Şirketlerine “CEO” atayan patronlar gibi, il ve ilçelere belediye başkan adaylarını tepeden inme atayan genel başkanlara ne muhalefet eden var ne de itiraz eden.
Evet, demokrasi için sandığa oy atmayı ‘yeter şart’ olarak gördüğümüz sürece bu devran böyle sürecektir.
Öyle ki genel seçimlerde önümüze konulan milletvekiliği aday listelerini, yerel seçimlerde de parti genel merkezleri tarafından belirlenen isimleri seçmeye(!) devam edeceğiz.
Kemal Kılıçdaroğlu'nun deyimiyle: Tıpış tıpış...
Çünkü “gerek şart” olan tabandan tavana siyasetinin yok edilişine hep birlikte seyirci kalmakla, bizler “seçmen” olmayı değil “onay makamı” olmayı sonuna kadar hak ediyoruz.
Aslında “biat” kültürünün hâkim olduğu siyasi partilerin aday belirleme yöntemlerini “eleştirme” gibi bir hakkımız olamaz-ki ortada bu durumdan şikâyet eden hiç kimsenin olmadığı da aşikâr.

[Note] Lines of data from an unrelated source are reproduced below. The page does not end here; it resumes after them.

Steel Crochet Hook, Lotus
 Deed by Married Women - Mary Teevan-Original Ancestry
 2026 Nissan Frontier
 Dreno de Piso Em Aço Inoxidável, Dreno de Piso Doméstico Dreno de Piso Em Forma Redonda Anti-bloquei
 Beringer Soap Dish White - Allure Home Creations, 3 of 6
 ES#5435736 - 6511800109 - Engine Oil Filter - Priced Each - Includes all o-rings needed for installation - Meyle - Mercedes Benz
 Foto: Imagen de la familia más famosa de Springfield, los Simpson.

Peki, Türkiye’de demokrasinin olmadığını öne sürerek iktidar olduklarında ülkemize ileri demokrasiyi getireceklerini vaat eden demokrasi havarilerine ne demeliyiz?
İzninizle, kendi memleketim Foça’dan bir örnek vermek isterim!
Geçen yıl CHP Foça İlçe Başkanlığına talip olan Esen Çeşmeci’nin göreve seçilmeden önce şöyle bir açıklaması olmuştu:
“(…)İlçe başkanını seçerken üyelere güvenmek gerekir, üyelerin seçtiği delegeler ile İlçe başkanını seçeceksin, il delegelerini seçeceksin, ama iş belediye başkanı seçmeye geldiğinde 'onu genel merkez olarak ben belirlerim' diyeceksin.. Hadi canım sende…"
Breh breh breh…
Alem demokrat görsün, hem de sosyalinden!
Peki, sonuç ne oldu?
CHP Genel Merkezi, Foça Belediye Başkan Adaylığı için Sayın Saniye Bora Fıçı’yı atadı.
Diyelim ki başta Esen Başkan olmak üzere ileri demokrat hemşerilerim bu durumu “Şeriatın kestiği parmak acımazmış” atasözümüzden yola çıkarak sineye çekmiş olsunlar.
İşte tam da bu esnada...
“Yahu anladık, baş demokrat Özgür Özel müsaade etmedi ve sizler de belediye başkan adayınızı yine ön seçimle belirleyemediniz.
Hem de söz vermenize rağmen!
Bu noktada madem başkan adaylığı için ön seçim yapmak boyunuzu aştı, o vakit belediye meclis üyeliği adayları için niye ön seçim yapmayı düşünmediniz?
Ona da mı gücünüz yetmedi?
Ona da mı müsaade etmediler?
Her şey yukarısının istediği gibi olacaksa o zaman siz ne işe yarıyorsunuz ki orada?” kabilinden bir soru sorsak, acaba ayıp etmiş olur muyuz?
Günün sorusu: Daha yaşadıkları kasabaya ve partilerine demokrasiyi getiremeyenler, Türkiye’ye ileri demokrasiyi getirebilir mi?